Le Comunità Energetiche Rinnovabili (CER) continuano a essere considerate uno degli strumenti più strategici per la transizione energetica europea. Attraverso la produzione e la condivisione locale di energia da fonti rinnovabili, le CER favoriscono un modello energetico distribuito, capace di aumentare autoconsumo, partecipazione attiva e indipendenza energetica dei territori.

Nonostante il crescente interesse verso questo modello, la loro diffusione nell’Unione Europea procede però più lentamente del previsto. Secondo quanto evidenziato dalla Corte dei Conti Europea, uno dei principali ostacoli riguarda la complessità delle procedure amministrative e autorizzative necessarie per avviare i progetti.

Procedure ancora troppo complesse

Il report europeo sottolinea come in molti Stati membri i processi autorizzativi risultino ancora frammentati, lunghi e poco uniformi. In diversi casi, cittadini e piccole realtà locali incontrano difficoltà nell’accesso alle informazioni tecniche, nella gestione delle pratiche e nella comprensione dei requisiti normativi necessari per costituire una comunità energetica.

Tra gli esempi citati compare anche il tema dei pannelli fotovoltaici plug-in da balcone, sistemi di piccola taglia pensati per semplificare l’autoproduzione domestica di energia. In alcuni Paesi europei queste soluzioni possono essere installate con procedure molto snelle, mentre in altri continuano a essere soggette a regole più articolate e meno uniformi.

Secondo la Corte dei Conti Europea, la semplificazione amministrativa rappresenta quindi un passaggio essenziale per accelerare la diffusione delle CER e rendere più accessibili le tecnologie energetiche distribuite.

Il nodo dei finanziamenti

Oltre alla burocrazia, un altro elemento centrale riguarda il supporto economico.
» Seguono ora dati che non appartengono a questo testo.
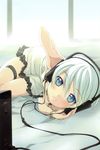  absurdres amplifier blue_eyes bracelet downblouse face green_eyes hand_on_ear headphones highres jewelry listening_to_music looking_at_viewer lying minamura_haruki on_side original scan short_hair solo stax thigh_strap white_hair 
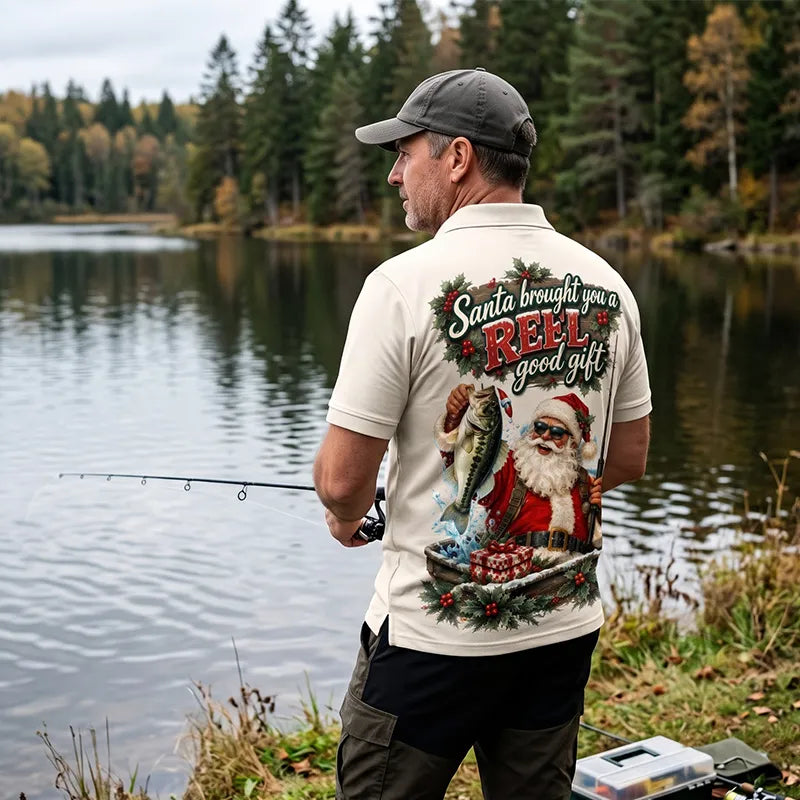 Santa REEL Good Gift Fishing Christmas Polo Shirt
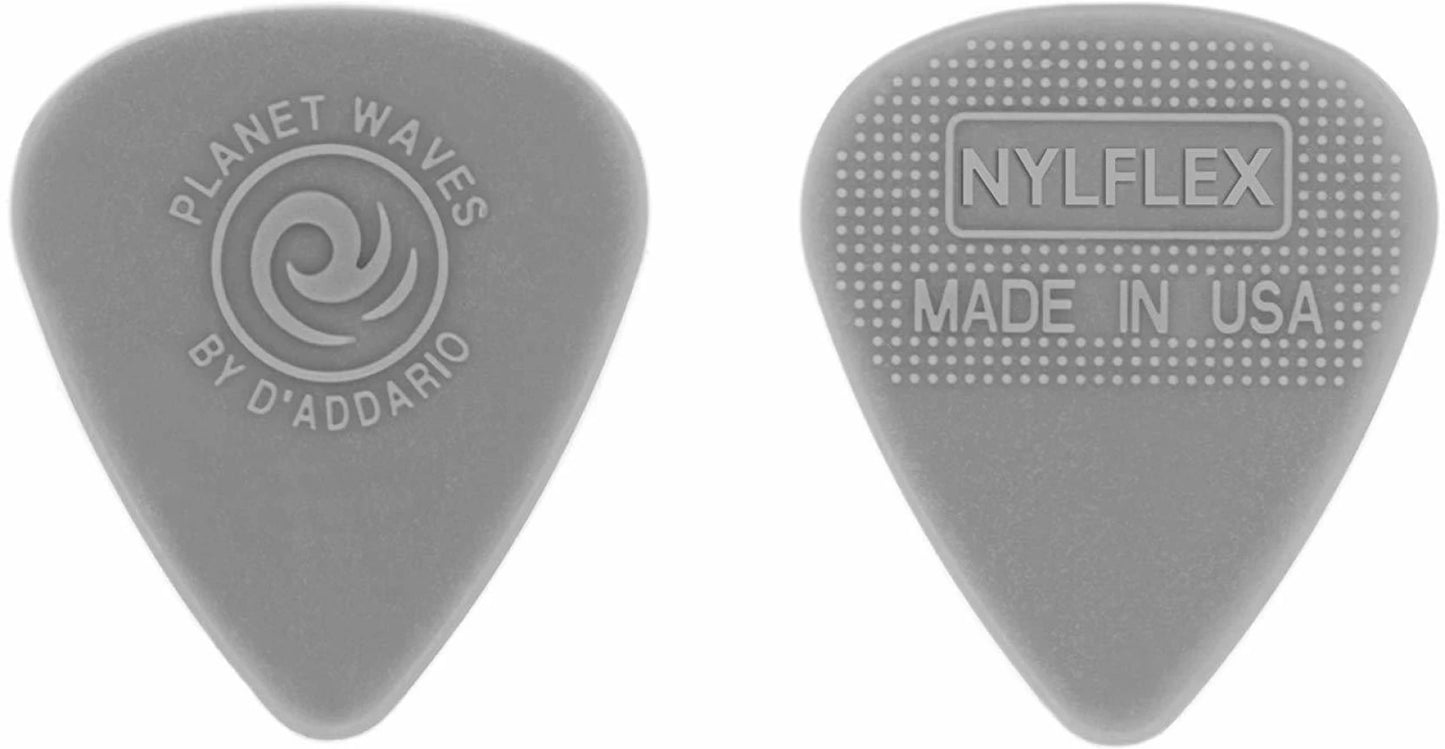 D'Addario Nylflex Nylon Guitar Picks with Double-Sided Grip Pattern Pack of 5 & 10 | 1NFX2-100 X10 1NFX4-100 X5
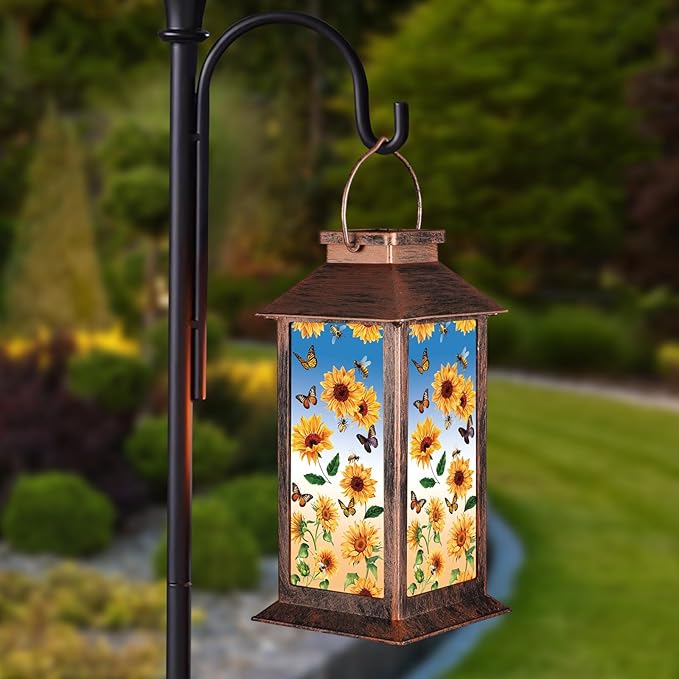 Solar Lantern Outdoor Waterproof Sunflower Butterfly Garden Decor Birthday Gifts for Women Mom and Grandma Solar LED Plastic Decorative Hanging Light for Yard(Sunflower Butterfly)-VerdiqueGarden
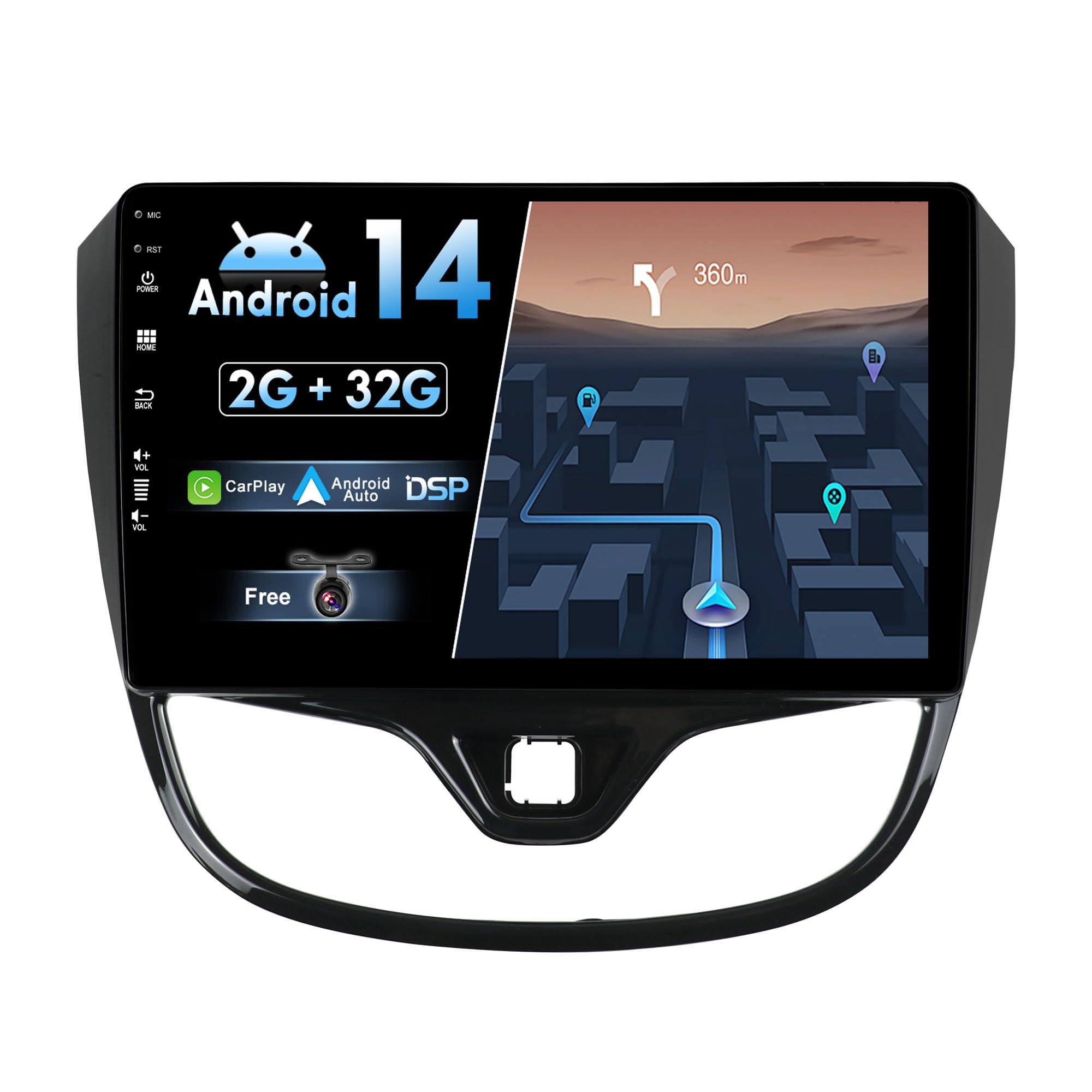 Bxliyer Autoradio Android 14 IPS per Opel Karl 10.1"
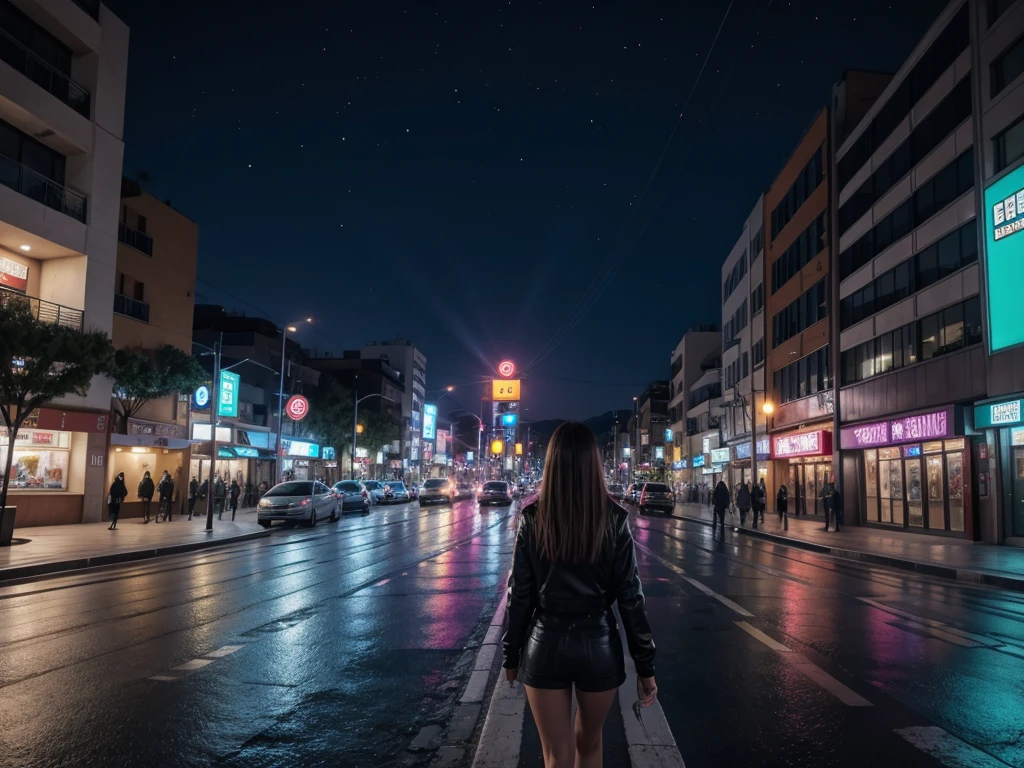 girl, standing backwards, fully body, perfectbody, big-ass, king down the street at night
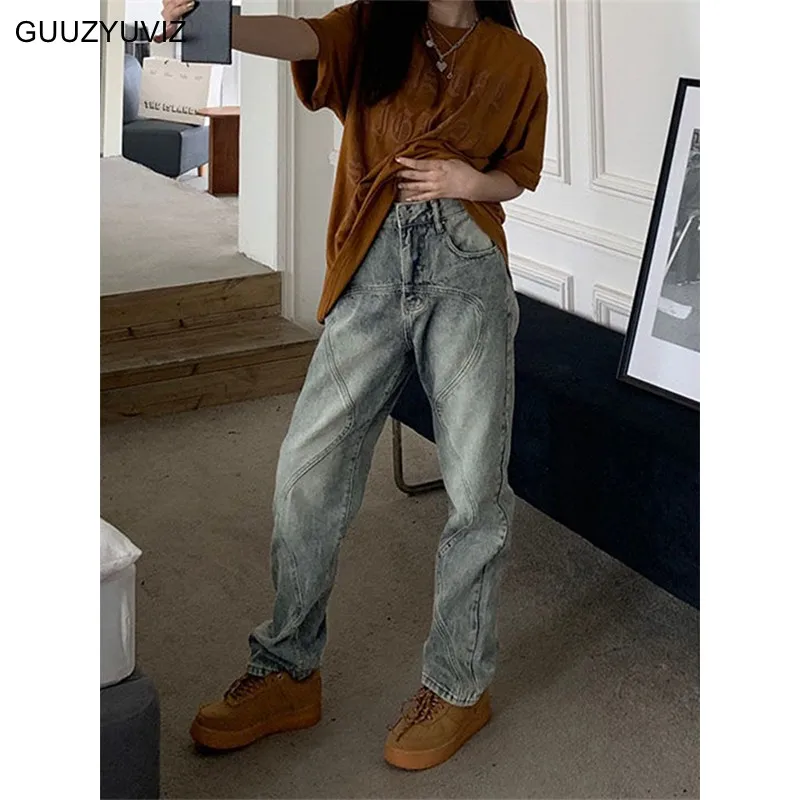 GUUZYUVIZ Свободные мешковатые джинсы с высокой талией для женщин Y2k Корейская мода Повседневная Vinatge Стиранные прямые джинсовые женские брюки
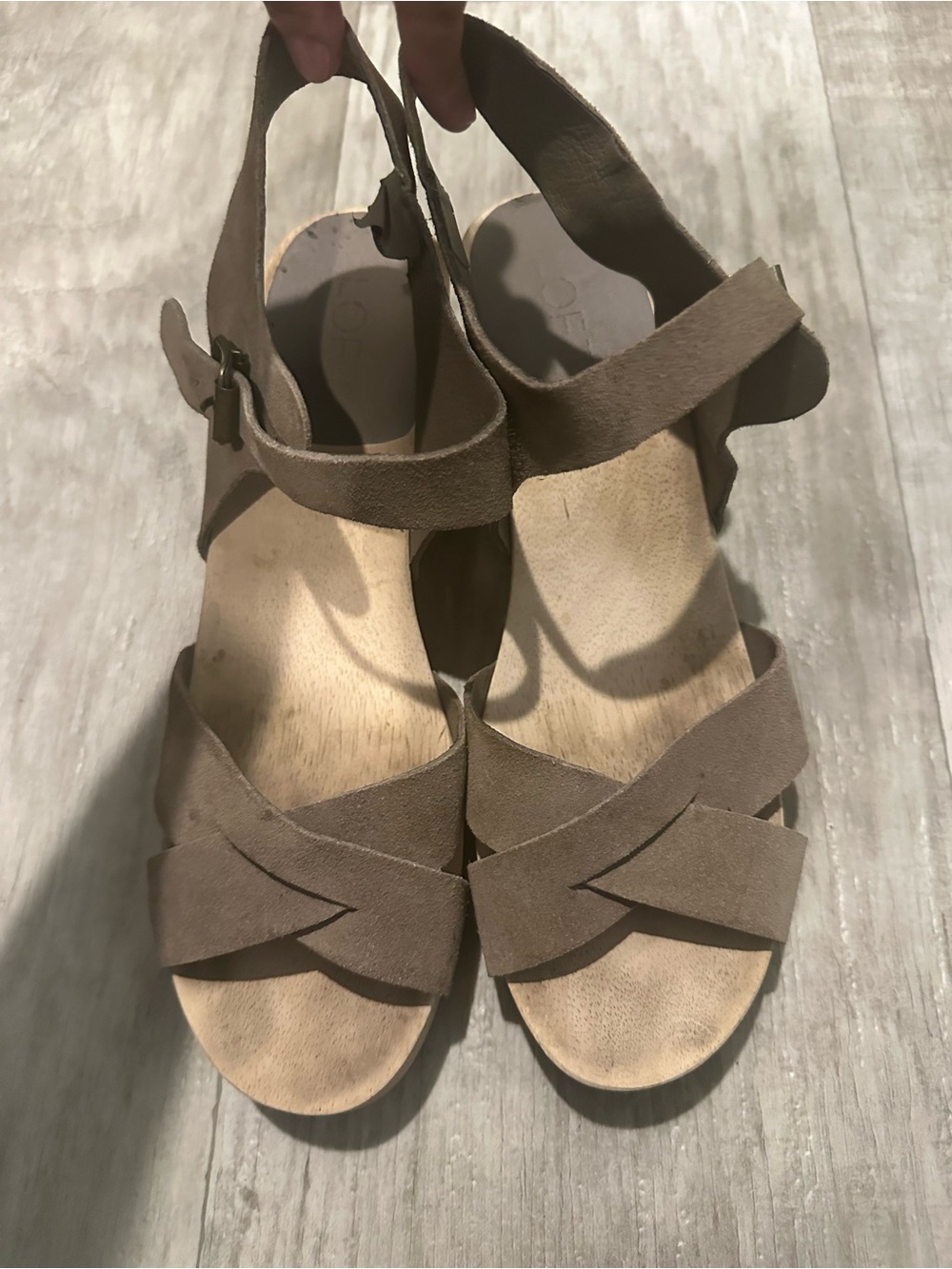 LOFT Brown Suede Leather Wood Platform Clog Sandals Women’s Size 11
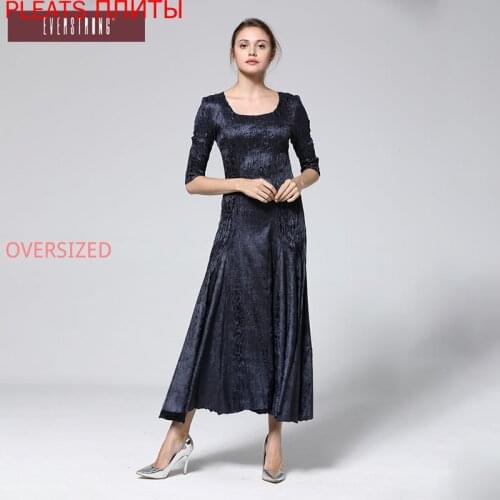MIYAKE Pleated Dress Womens Long Dresses Spring and Summer New Loose and Thin Half Sleeve Pleats Vestido Fashion Shein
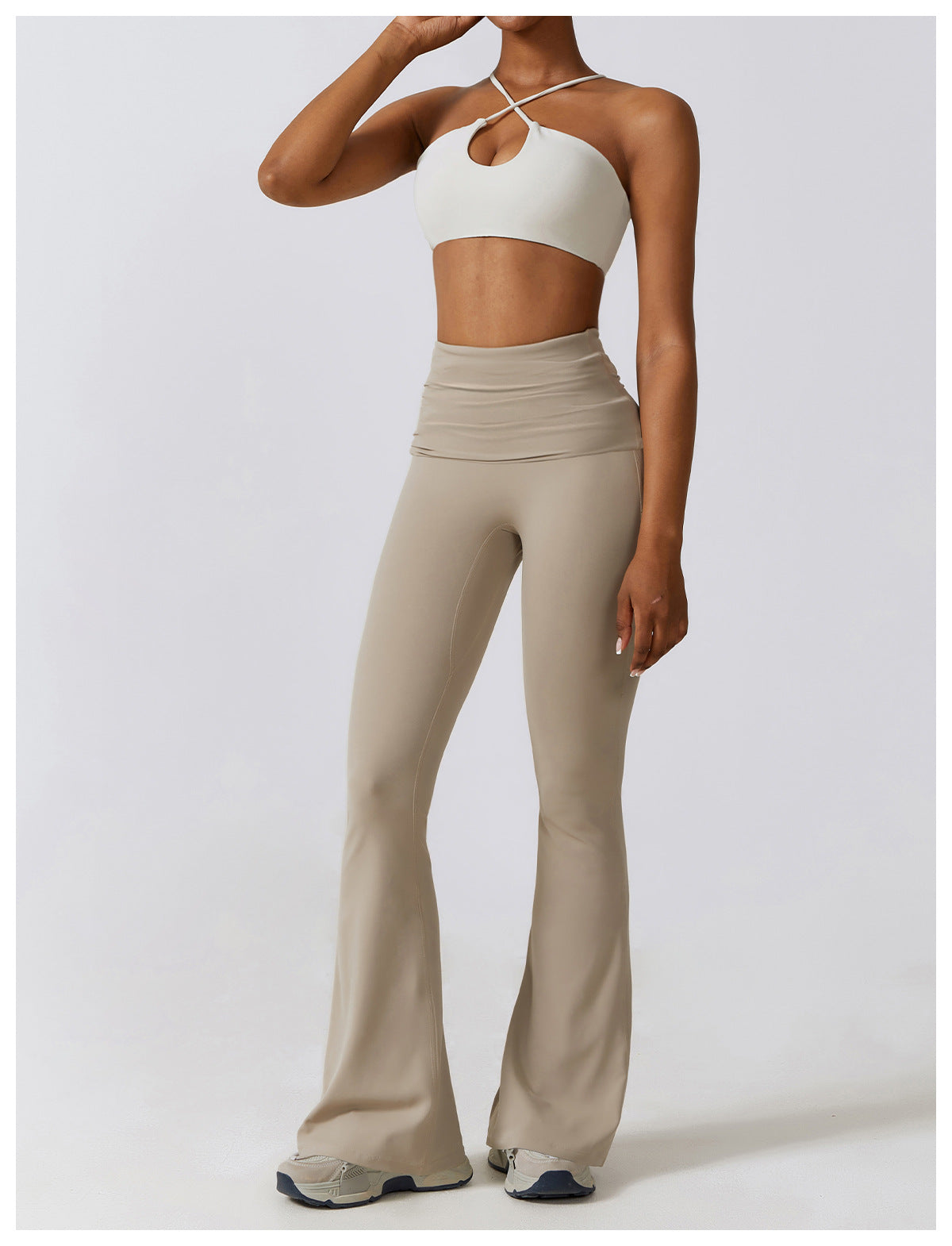 Quick Dry Body-Tight One-Piece Yoga Clothes Naked Casual Sports Fitness Clothes Dance High Waist Micro Flare Pants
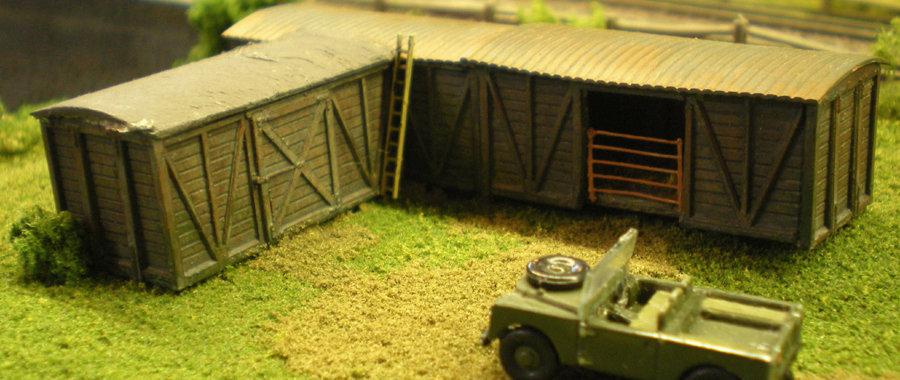 Disused wagon bodies (NGS kits) live on as livestock housing - Farmer Fields is probably taking a nap inside after a few ciders...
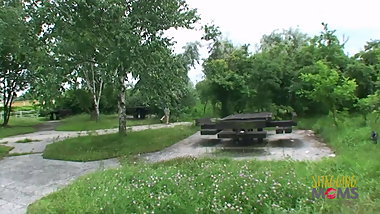 Delicious blonde sucking and fucking two big cocks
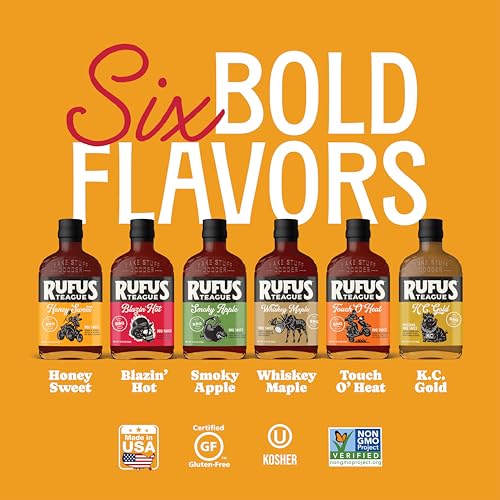 Rufus Teague Sweet BBQ Sauce Gift Set, Ultimate Variety Pack for Grilling and Marinating, 6 Flavor Collection, Ideal BBQ Gifts for Men Who Love Grilling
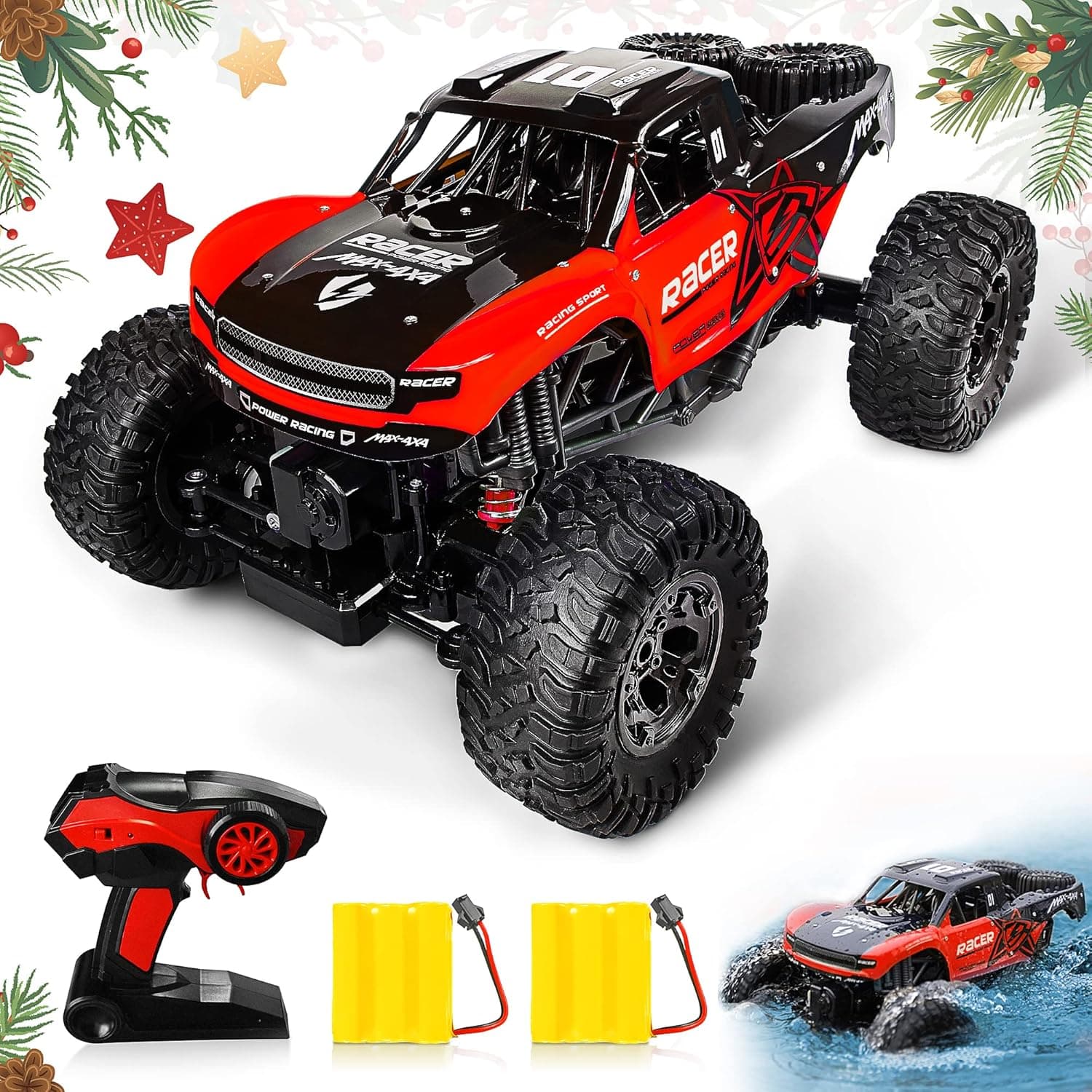 Remote Control Car, 1/12 RC Car Monster Truck 2.4GHz All Terrain Waterproof Racing Car Off-Road RC Crawler Toy Gift for Kids Adults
Molte comunità energetiche richiedono investimenti iniziali significativi per impianti, sistemi di gestione e infrastrutture di connessione. L’UE evidenzia quindi la necessità di sviluppare strumenti finanziari dedicati e più facilmente accessibili.

L’obiettivo è favorire la partecipazione non solo di grandi operatori, ma anche di cittadini, enti locali e piccole realtà territoriali, riducendo le barriere economiche all’ingresso e aumentando la sostenibilità dei progetti nel lungo periodo.

Un modello energetico sempre più distribuito

Le comunità energetiche rappresentano uno dei principali esempi di evoluzione verso un sistema energetico decentralizzato. La produzione locale di energia da fonti rinnovabili, combinata con l’autoconsumo condiviso, consente infatti di valorizzare l’energia generata sul territorio e ridurre la dipendenza dalle fonti tradizionali.

Secondo le indicazioni europee quindi, il potenziale delle comunità energetiche potrà essere sviluppato pienamente solo attraverso un quadro normativo più semplice, procedure più rapide e strumenti di sostegno adeguati.